Barry gets his moment to shine with A Day in The Life. His voice here is the most Beatle-esque and only he could carry this tune the way it should be. The way he looks in the scenes and the flashbacks of when things were good with the band set the song off.

Not that a film like this could possibly have a plausible ending, but Get Back delivers on the out and out hokey of the film. The Sgt Pepper weather vane mystically turns into the soul of Sgt Pepper-Billy Preston? He stops Billy Shears from killing himself, turns all the baddies into nuns, polishes up the boys’ white suits, and brings Strawberry back to life.

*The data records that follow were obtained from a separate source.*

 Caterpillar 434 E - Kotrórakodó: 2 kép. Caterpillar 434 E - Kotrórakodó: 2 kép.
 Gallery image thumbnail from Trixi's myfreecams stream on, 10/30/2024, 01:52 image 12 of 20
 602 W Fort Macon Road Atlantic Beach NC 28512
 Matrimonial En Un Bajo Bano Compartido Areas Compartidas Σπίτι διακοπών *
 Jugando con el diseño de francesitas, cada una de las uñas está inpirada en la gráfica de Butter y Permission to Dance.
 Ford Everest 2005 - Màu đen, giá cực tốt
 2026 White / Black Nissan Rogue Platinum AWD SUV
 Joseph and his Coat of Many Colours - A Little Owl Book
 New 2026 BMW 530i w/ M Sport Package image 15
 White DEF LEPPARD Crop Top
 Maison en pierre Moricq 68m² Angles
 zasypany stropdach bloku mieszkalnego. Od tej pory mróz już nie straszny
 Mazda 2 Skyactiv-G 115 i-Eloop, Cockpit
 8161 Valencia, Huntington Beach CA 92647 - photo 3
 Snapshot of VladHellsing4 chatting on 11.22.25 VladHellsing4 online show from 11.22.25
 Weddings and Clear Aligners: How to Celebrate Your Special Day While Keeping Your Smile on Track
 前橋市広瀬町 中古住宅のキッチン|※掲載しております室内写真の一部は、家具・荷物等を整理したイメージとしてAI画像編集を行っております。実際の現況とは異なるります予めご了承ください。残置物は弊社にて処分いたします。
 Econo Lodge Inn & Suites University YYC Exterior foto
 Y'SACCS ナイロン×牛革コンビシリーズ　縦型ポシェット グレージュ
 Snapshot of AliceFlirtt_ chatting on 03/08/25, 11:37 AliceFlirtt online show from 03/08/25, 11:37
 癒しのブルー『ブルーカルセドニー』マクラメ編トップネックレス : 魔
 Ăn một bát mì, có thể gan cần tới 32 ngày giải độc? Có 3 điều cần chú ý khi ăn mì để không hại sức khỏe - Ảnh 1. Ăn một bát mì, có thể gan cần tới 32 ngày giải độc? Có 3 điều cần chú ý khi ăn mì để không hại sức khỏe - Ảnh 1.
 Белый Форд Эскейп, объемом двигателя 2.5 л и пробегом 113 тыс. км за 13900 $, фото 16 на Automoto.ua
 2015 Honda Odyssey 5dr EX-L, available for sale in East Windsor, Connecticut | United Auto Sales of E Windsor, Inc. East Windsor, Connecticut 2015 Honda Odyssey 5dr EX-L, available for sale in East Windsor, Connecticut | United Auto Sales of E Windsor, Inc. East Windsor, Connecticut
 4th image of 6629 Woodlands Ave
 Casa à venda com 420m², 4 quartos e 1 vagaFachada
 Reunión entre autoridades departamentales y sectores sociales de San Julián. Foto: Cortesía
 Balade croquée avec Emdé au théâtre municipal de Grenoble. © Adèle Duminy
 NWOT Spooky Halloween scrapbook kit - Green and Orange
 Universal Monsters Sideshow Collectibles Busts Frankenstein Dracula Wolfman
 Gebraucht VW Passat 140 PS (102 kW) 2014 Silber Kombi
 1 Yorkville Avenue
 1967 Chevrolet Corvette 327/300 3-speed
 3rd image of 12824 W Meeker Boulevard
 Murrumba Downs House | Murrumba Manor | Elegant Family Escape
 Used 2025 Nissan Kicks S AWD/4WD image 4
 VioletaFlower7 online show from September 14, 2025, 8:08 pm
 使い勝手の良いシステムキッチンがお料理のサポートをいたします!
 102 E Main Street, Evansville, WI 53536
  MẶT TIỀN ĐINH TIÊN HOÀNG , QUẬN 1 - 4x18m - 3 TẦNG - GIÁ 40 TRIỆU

Yes that is what it says. I hope I didn’t spoil it too much. 80)

And thank God the Sgt Pepper Reprise signals the end of the film! Who are all those famous people appearing, anyway? I can name like ten of them on sight! That is sad on their part. Then again, the ladies will enjoy zooming in on the brothers’ white suits. Trust me.

I should also give some details about the movie itself. About how the Bee Gees didn’t want to star with Peter Frampton in this horrible musical of Beatles tunes and that the bad box office sales ruined the RSO organization. However, all of this and that can’t quite be explained until you actually see the movie. So go get the dvd! Um, I said now.


2 comments:

Steve said...

This movie was a lie. It tried to make the Beatles' music emblematic of sweet, pure innocence, when it was nothing of the sort. How did the Bee Gees and Peter Frampton become so Osmond-esque in this movie anyway? Never mind the lack of plot, the bad acting, and the mostly horrible covers . . . this movie tried to sell the Beatles as something wholesome to an unsuspecting generation of pre-teen, post-'60s Beatles fans who absorbed the group through AM radio in the 1970s and didn't know about the sex and drugs. The biggest mistake in making this movie was that the producers gathered the biggest stars of the late seventies in one place and told them to pretend to be the Beatles. Ironically, the Beatles pretended to be someone else when they made the original Sgt. Pepper record. Really cool scene, though, when Alice Cooper dunks his mustachioed face in a pie - TWICE! :D

Kristin Battestella said...


Hi Steve!

Thanks for taking the time to stop by and comment!

Sgt Pepper is such a bizarre movie, isn't it? It seems so seventies happy and yet is totally shady. I have no idea what the producers were thinking, either! Why put Frampton with the Bee Gees? Why have George Burns sing? Nothing here makes any sense.

I'll never forget Maurice Gibb saying on set he asked for Coke meaning a soda and everyone brought him cocaine instead. That really sums up this movie for me!